🤖 AI Summary
Zero-shot monocular 3D shape reconstruction suffers significant performance degradation in real-world scenarios due to inaccurate object segmentation and severe occlusion. To address this, we propose the first end-to-end occlusion-aware joint segmentation-reconstruction framework. Methodologically: (1) we unify segmentation and reconstruction into a single task and design a lightweight network for joint optimization; (2) we develop a scalable synthetic data pipeline that explicitly models diverse object-occluder-background configurations; (3) our model is trained exclusively on synthetic data—requiring no real 3D ground truth annotations or fine-tuning.

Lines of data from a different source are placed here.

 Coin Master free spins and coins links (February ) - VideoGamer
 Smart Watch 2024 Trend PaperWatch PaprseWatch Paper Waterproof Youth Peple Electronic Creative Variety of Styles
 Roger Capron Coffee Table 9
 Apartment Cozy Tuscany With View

Experiments demonstrate state-of-the-art zero-shot performance on real images, with substantially fewer parameters than existing methods. Moreover, our approach exhibits strong robustness to segmentation errors and heavy occlusion, enabling reliable reconstruction under challenging real-world conditions.
📝 Abstract
Recent monocular 3D shape reconstruction methods have shown promising zero-shot results on object-segmented images without any occlusions. However, their effectiveness is significantly compromised in real-world conditions, due to imperfect object segmentation by off-the-shelf models and the prevalence of occlusions. To effectively address these issues, we propose a unified regression model that integrates segmentation and reconstruction, specifically designed for occlusion-aware 3D shape reconstruction. To facilitate its reconstruction in the wild, we also introduce a scalable data synthesis pipeline that simulates a wide range of variations in objects, occluders, and backgrounds. Training on our synthetic data enables the proposed model to achieve state-of-the-art zero-shot results on real-world images, using significantly fewer parameters than competing approaches.